» **SOURCE MATERIAL**:
******************************
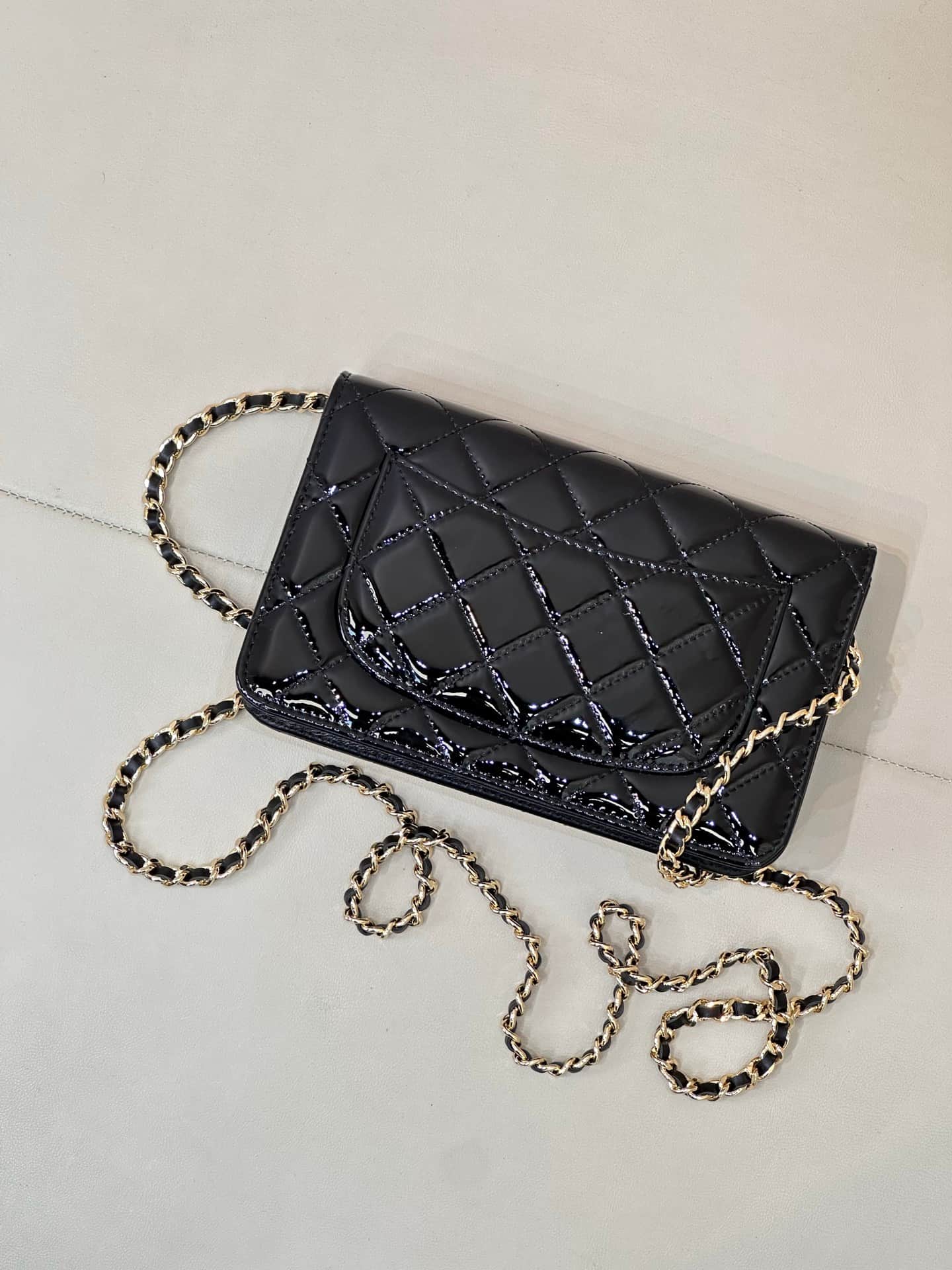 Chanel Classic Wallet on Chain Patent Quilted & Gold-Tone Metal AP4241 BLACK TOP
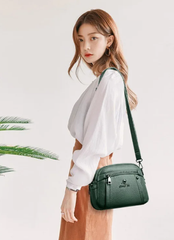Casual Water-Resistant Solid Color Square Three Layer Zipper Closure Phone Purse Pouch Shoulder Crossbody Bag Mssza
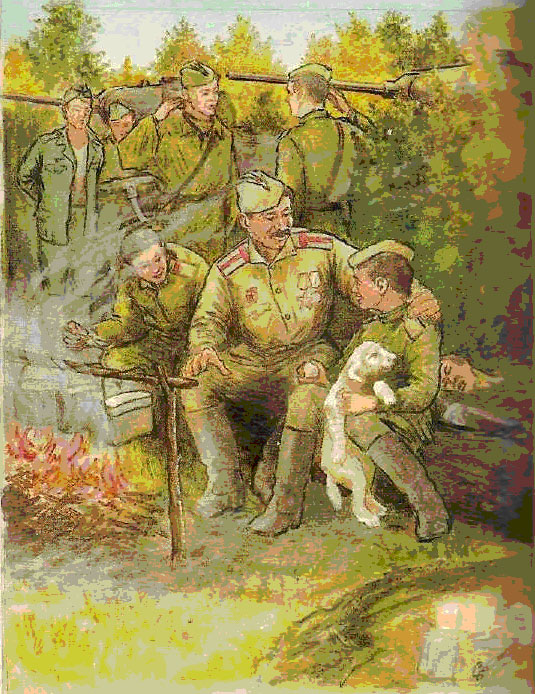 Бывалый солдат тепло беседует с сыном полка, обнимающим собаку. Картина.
******************************
» **EXERCISE PROMPT**: Each line above is to be transcribed exactly, though its pictures are not.

» **EXERCISE RESPONSE**:
 Chanel Classic Wallet on Chain Patent Quilted & Gold-Tone Metal AP4241 BLACK TOP
Casual Water-Resistant Solid Color Square Three Layer Zipper Closure Phone Purse Pouch Shoulder Crossbody Bag Mssza
 Бывалый солдат тепло беседует с сыном полка, обнимающим собаку. Картина.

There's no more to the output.